Перед нами, как видим, очередная попытка встроить проблематику социальной философии (в данном случае философии истории), точнее: проблематику теории прогресса, в общий корпус математического естествознания. Идея Гоббса, поставившего под знак "универсальной математики" (всеобщей математизированной науки) то, что у Копта будет названо впоследствии социальной статикой - учением о "социальном порядке", получила у Канта дальнейшее развитие. Он попытался включить в тот же корпус научного знания (обогащенного к его временам новыми открытиями в области биологии) и то, что Конт назовет в недалеком будущем социальной динамикой, понимая под нею главным образом свою версию теории Прогресса.

Свою идею Кант обосновывает строго дедуктивным образом, эксплицируя ее с помощью десяти аналитически расшифровываемых постулатов.
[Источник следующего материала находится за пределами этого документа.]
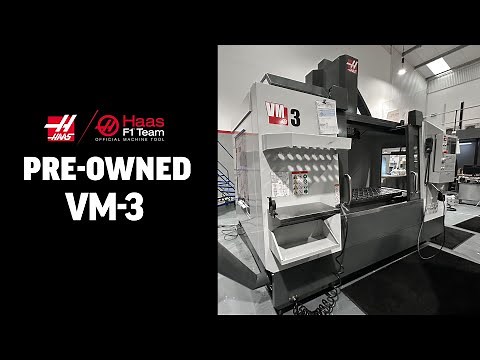 Haas VM-3 Pre Owned - Available now for UK delivery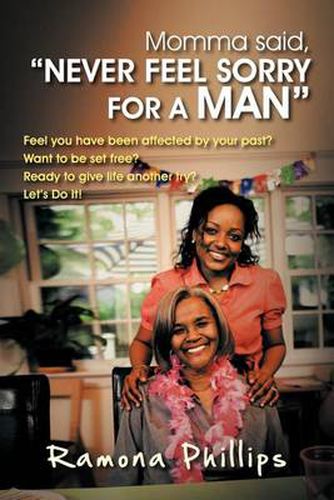 Cover image for Momma Said, Never Feel Sorry for a Man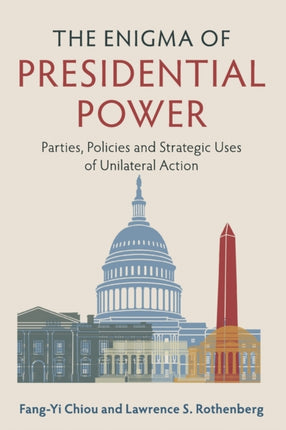 The Enigma of Presidential Power: Parties, Policies and Strategic Uses of Unilateral Action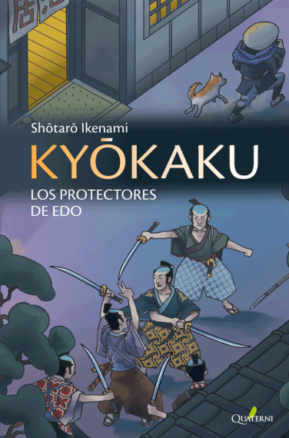 Resumen de Kyokaku. Los Protectores de Edo
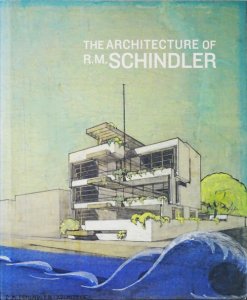 The Architecture of R.M. Schindler ルドルフ・シンドラー - 古本買取 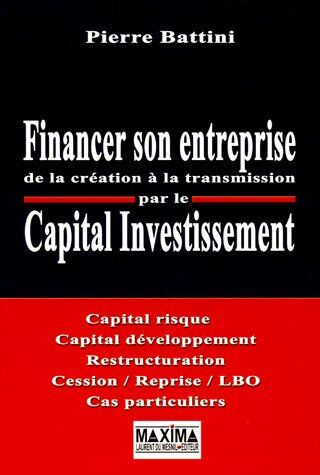 Pierre Battini Financer Son Entreprise De La Création À La Transmission Par Le Capital Investissement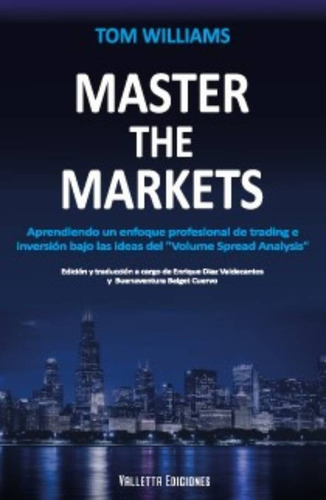 Libro Master Of The Markets De Tom Williams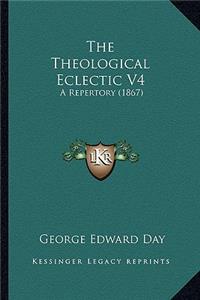 Theological Eclectic V4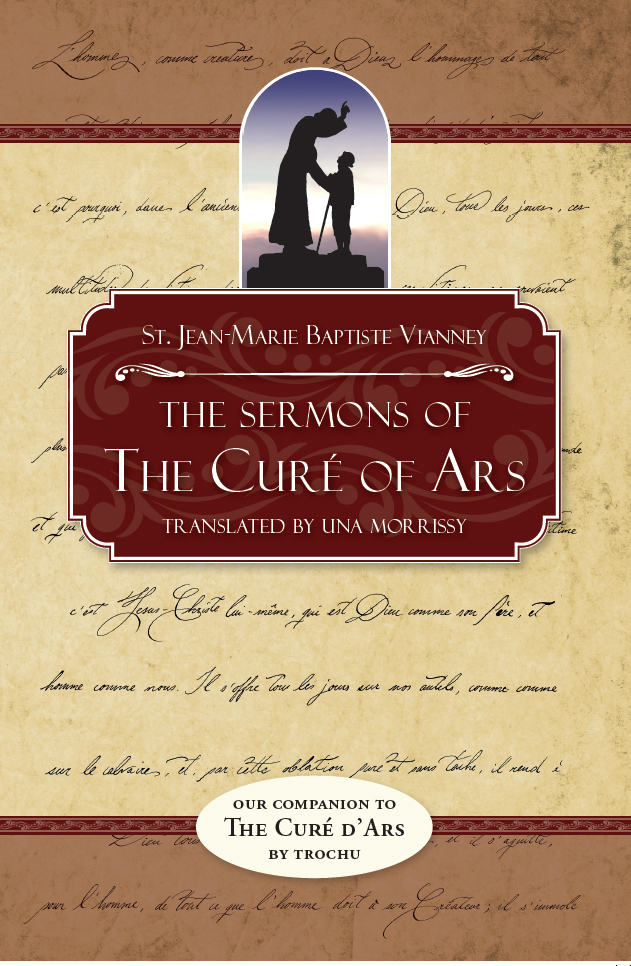The Sermons Of The Cur Of Ars St Jeanmarie Baptiste Vianney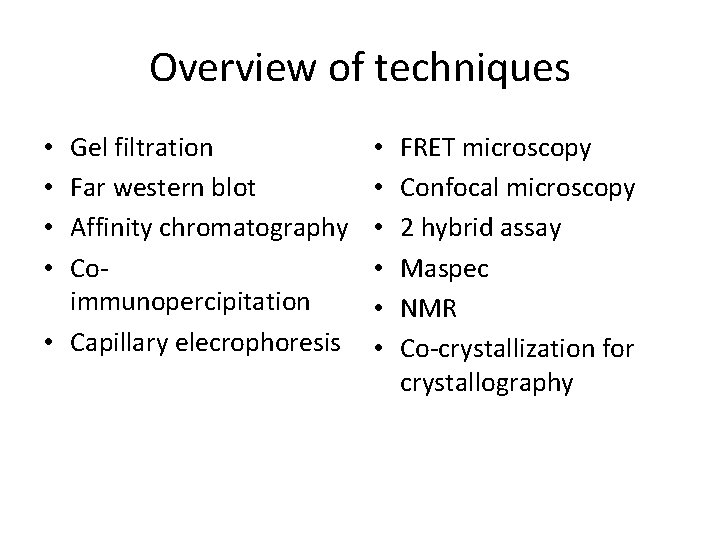 Overview of techniques Gel filtration Far western blot Affinity chromatography Coimmunopercipitation • Capillary elecrophoresis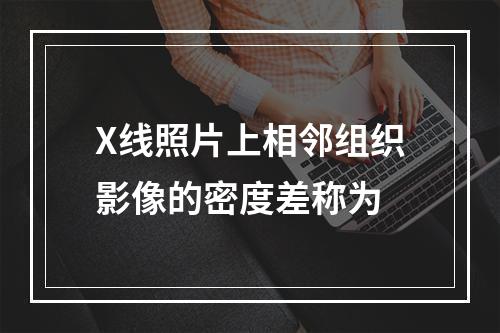 X线照片上相邻组织影像的密度差称为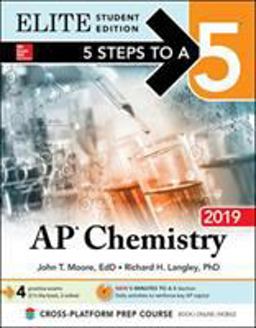 5 Steps to a 5: AP Chemistry 2019 Elite Student Edition 5 Steps to a 5: AP Chemistry 2019 Elite Student Edition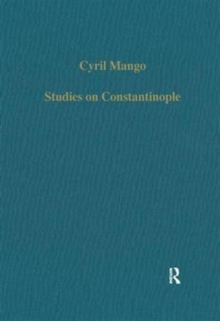 Studies on Constantinople, Hardback Book Studies on Constantinople, Hardback Book
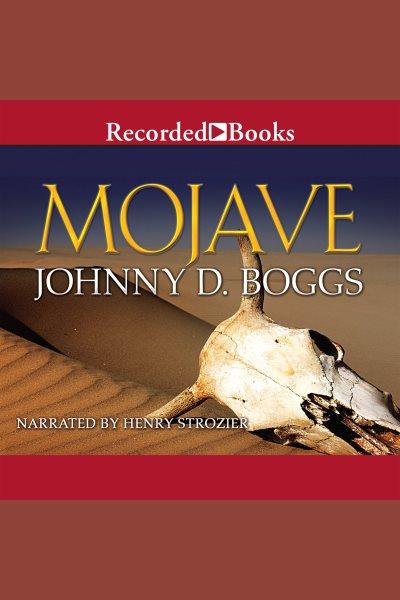 Mojave [electronic resource] / Johnny D. Boggs.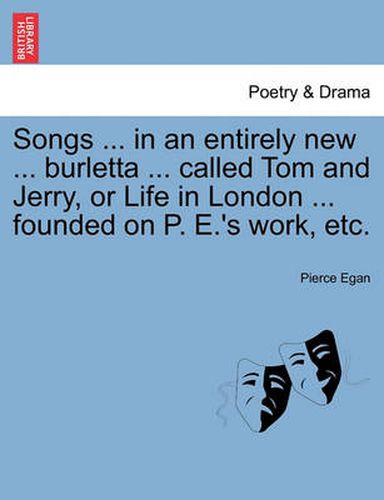 Cover image for Songs ... in an Entirely New ... Burletta ... Called Tom and Jerry, or Life in London ... Founded on P. E.'s Work, Etc.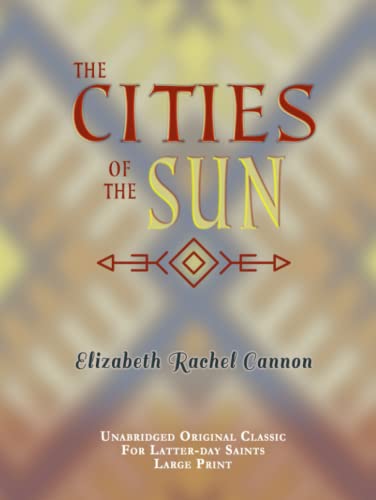 THE CITIES OF THE SUN: UNABRIDGED CLASSIC - FOR LATTER-DAY SAINTS für 17,10 EUR bei amazon.de Bild: THE CITIES OF THE SUN: UNABRIDGED CLASSIC - FOR LATTER-DAY SAINTS für 17,10 EUR bei amazon.de
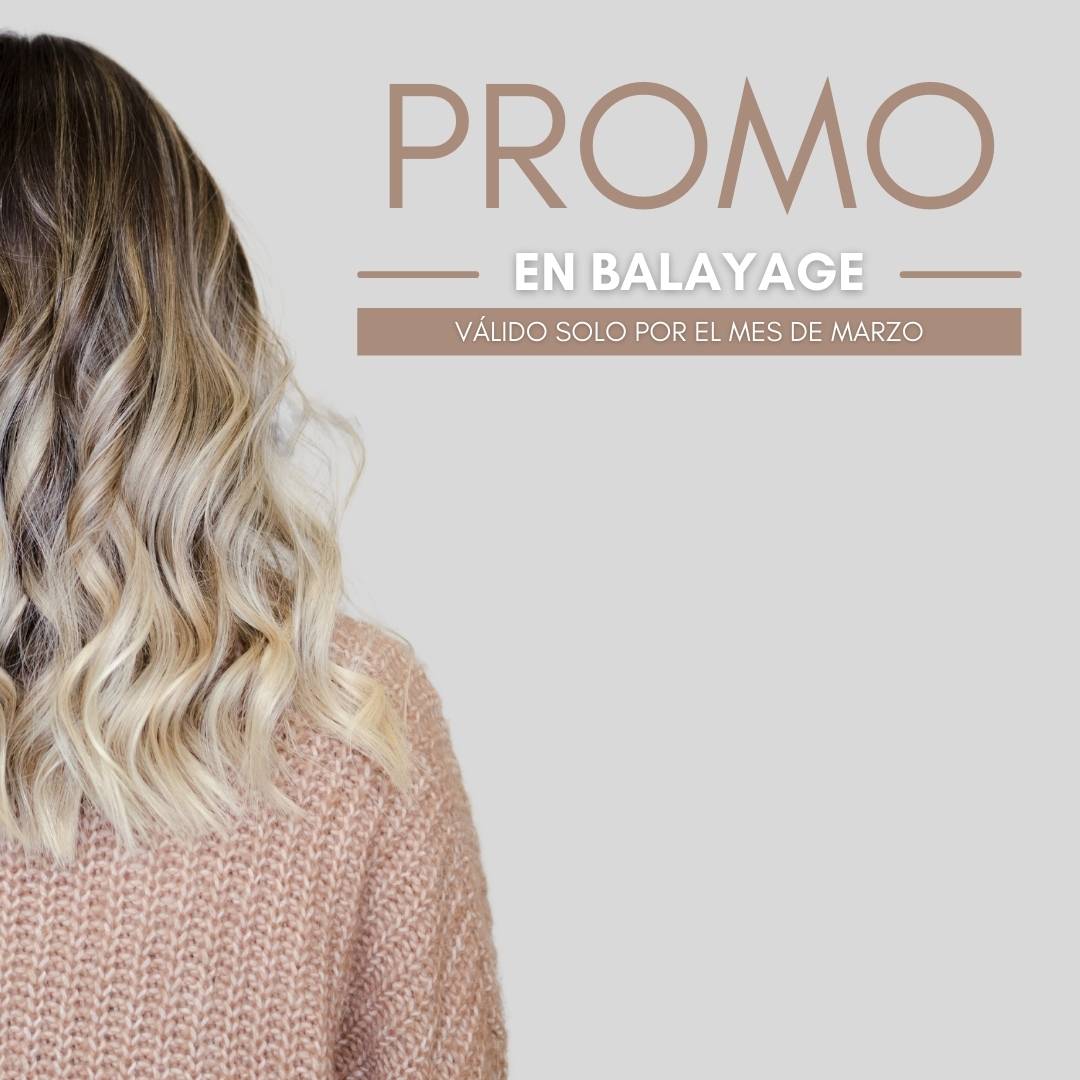 Promoción Balayage Marzo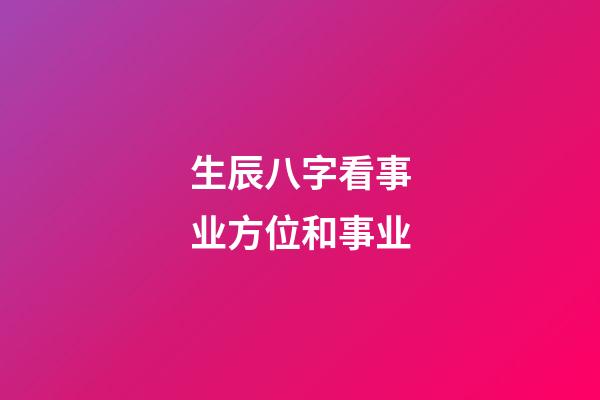 生辰八字看事业方位和事业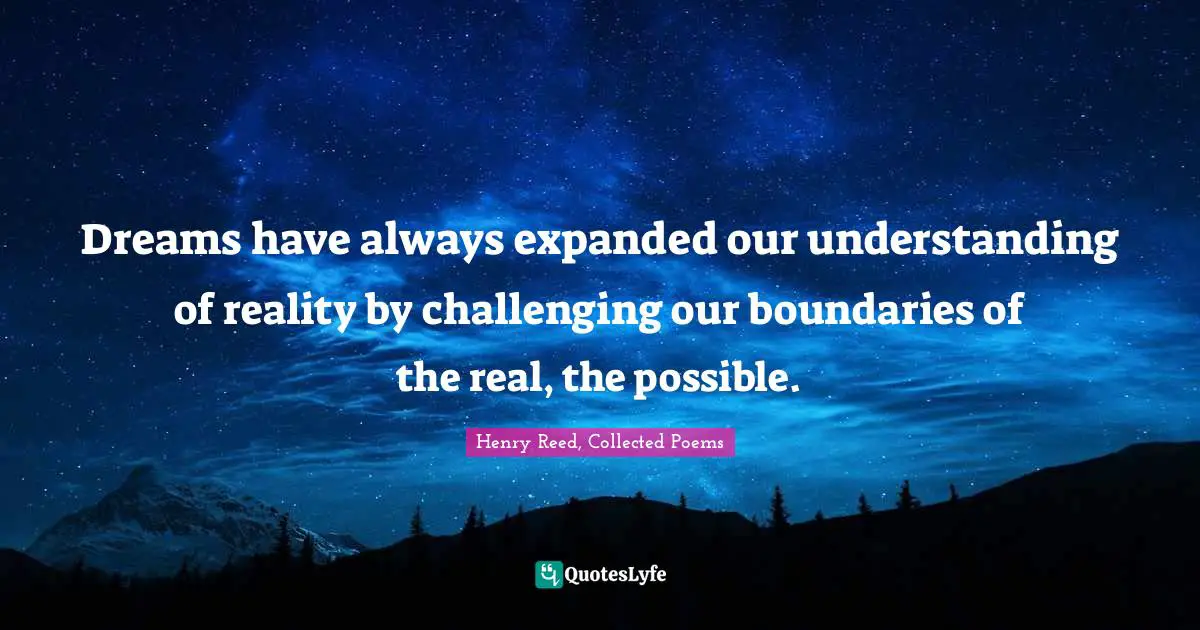 Dreams have always expanded our understanding of reality by challenging our boundaries of the real, the possible.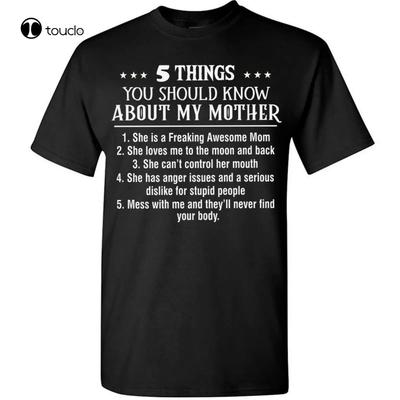 Funny Mom Tshirt 5 Things About My Mother Tee Gifts Unisex For Mommy Mama Quote Tee Shirt Unisex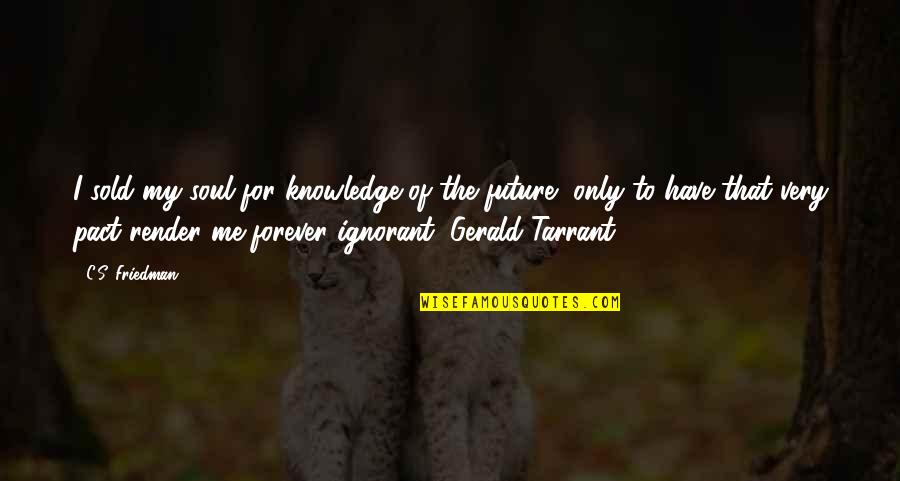 Sold Me Out Quotes By C.S. Friedman: I sold my soul for knowledge of the Sold Me Out Quotes By C.S. Friedman: I sold my soul for knowledge of the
Согласно первому постулату, заимствованному из биологии, "все природные задатки живого существа предназначены для совершенного и целесообразного развития" "Это, - разъясняет он, не оставляя никаких сомнений относительно характера научной модели, на которую при этом ориентируется, - подтверждают внешнее наблюдение над всеми животными и изучение их анатомии" Человеческий род он рассматривает "об аналогии с индивидуальным биологическим организмом, когда подчеркивает при этом, что "орган, не имеющий применения, устройство, не Достигающее своей цели, представляет собой противоречие в телеологическом учении о природе" (стр. 8-9). И хотя слово - "устройство", взятое само по себе, наталкивает на механистические ассоциации, слово "орган", с которым оно отождествляется по смыслу, вводит его в круг органицистских представлений. Когда же мы далее читаем в заключении этого первого положения" (действительно лежащего в основе всей последующей кантовской дедукции): "если мы отказываемся от этих основоположений, то имеем не закономерную, а бесцельно действующую природу", где "вместо разума становится случай", - мы уже не сомневаемся относительно природы той закономерности и целесообразности, которую Кант готов рассматривать как "естественную" - в отличие (если не в противоположность) "разумной", закономерность, которой, согласно Канту, подчинено - социально-историческое - развитие человеческого рода как целого, - совершенно аналогична, по его убеждению, биологически-телеологической. А в рамках этой закономерности, как мы уже прочитали в преамбуле к рассматриваемому тексту, индивидуальное развитие организма подчинено целям самосохранения рода, к которому он принадлежит, и способ, каким достигаются эти цели, предопределен "определенным планом природы".

Но в чем заключаются эти самые "природные задатки" человека, которые, как и задатки каждого живого существа, предназначены, согласно "первому положению" Канта, "для совершенного и целесообразного развития"? Это. Как мы читаем во "втором положении", "Природные задатки..., направленные на применение его разума" [стр. 9]. Причем, как тут же уточняет Кант, не давая уклониться от принятой им биологической модели, речь идет здесь о задатках, которые - опять-таки — «"развиваются" полностью не в индивиде, а в роде», ничем не отличающемся в этом отношении от остальных органических родов природы. А ведь это - "природные задатки" разумного существа, которое - в этом своем качестве - является единственным на земле.